Example data preparation recipes

lhotse-speech / lhotse

Tools for handling speech data in machine learning projects.

https://lhotse.readthedocs.io/en/latest/

Apache License 2.0

945 stars 217 forks source link

Example data preparation recipes #28

Closed pzelasko closed 3 years ago

pzelasko commented 4 years ago

We should start creating example recipes for some data sets and tasks. I'll post an initial list here, and we can modify or extend it based on discussions. I'll sort it by the level of implementation difficulty.

Source separation

[x] (mini) LibriMix

Speech enhancement

Should be fairly simple to achieve with source separation in place, maybe it's even already possible.

[ ] (mini) LibriMix

Speaker identification

Could be simpler to build the first Dataset with supervision provided by SupervisionSegment than ASR.

[ ] ? VoxCeleb 1/2 (widely studied dataset)

TTS

[x] LJSpeech

ASR

[x] (mini) Librispeech (widely studied dataset)
[ ] ? Wall Street Journal (widely studied dataset)
[x] 1997 Broadcast News
[x] TED-LIUM v3
[x] Switchboard (conversational, two-channel)
[x] AMI (conversational, multi-channel)
[ ] ? CHiME 6 (conversational, multi-channel)

Wake word detection

[x] Mobvoi HotWords

Feel free to propose any other tasks and datasets.

danpovey commented 4 years ago

This is great! I think we should start with mini_librispeech for the ASR one (but the order of doing ASR vs. other things is up to you guys.) @jimbozhang do you think you could commit to doing one of these?

jimbozhang commented 4 years ago

This is great!

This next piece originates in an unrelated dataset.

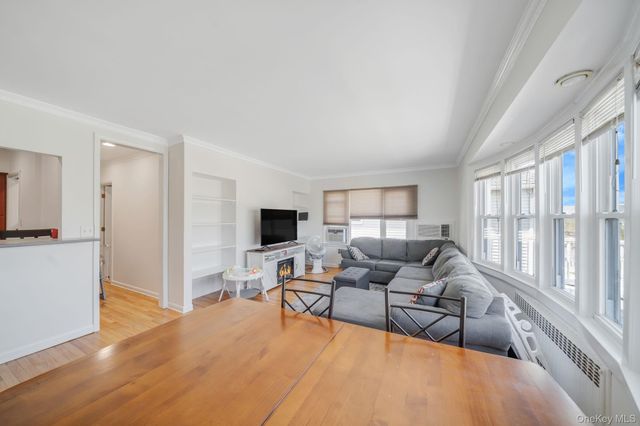 558 E Walnut Street, Long Beach, NY 11561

I think we should start with mini_librispeech for the ASR one (but the order of doing ASR vs. other things is up to you guys.) @jimbozhang do you think you could commit to doing one of these?

I think I can make the recipe of mini_librispeech, as a start.

danpovey commented 4 years ago

Thanks!!

On Tue, Jun 23, 2020 at 3:41 PM Junbo Zhang notifications@github.com wrote:

This is great! I think we should start with mini_librispeech for the ASR one (but the order of doing ASR vs. other things is up to you guys.) @jimbozhang https://github.com/jimbozhang do you think you could commit to doing one of these?

I think I can make the recipe of (mini) Librispeech, as a start.

— You are receiving this because you commented. Reply to this email directly, view it on GitHub https://github.com/pzelasko/lhotse/issues/28#issuecomment-647968717, or unsubscribe https://github.com/notifications/unsubscribe-auth/AAZFLO76V6PLK4FUBOTWSD3RYBMA3ANCNFSM4OEVX6ZA .

judyfong commented 4 years ago

@pzelasko I am interested in making a data preparation example for speaker diarization. Would that fall under both source separation and speaker identification? Within kaldi the diarization recipes use a combination of VAD and speaker identification essentially.

pzelasko commented 4 years ago

I guess there are multiple ways to approach it. The "classical" pipeline indeed consists of two models: a VAD and a speaker ID model. We have a VadDataset class, but not a SpeakerClassificationDataset/SpeakerIdentificationDataset yet. We also don't have recipes for any standard speaker ID corpora (e.g. VoxCeleb 1 and 2) yet - adding them is probably a good first step.

On the other hand PR #80 implements a DiarizationDataset loosely inspired by the TS-VAD paper (VAD + ID in one step); it's still in progress though.

I will create a contributor guide very soon - if by then you're still interested, let us know.

judyfong commented 4 years ago

Oh. I hadn't read that paper yet. It looks promising.

It would still be nice to have the "classical" pipeline implemented for comparison purposes and as an example of how to change one's kaldi speaker diarization datasets/recipes to lhotse + k2/nn architectures. I'll await the contribution guide.

pzelasko commented 3 years ago

I'm closing this since we're tracking the corpora in the codebase and docs already. If anybody wants a new one added, please open a separate issue or submit a PR.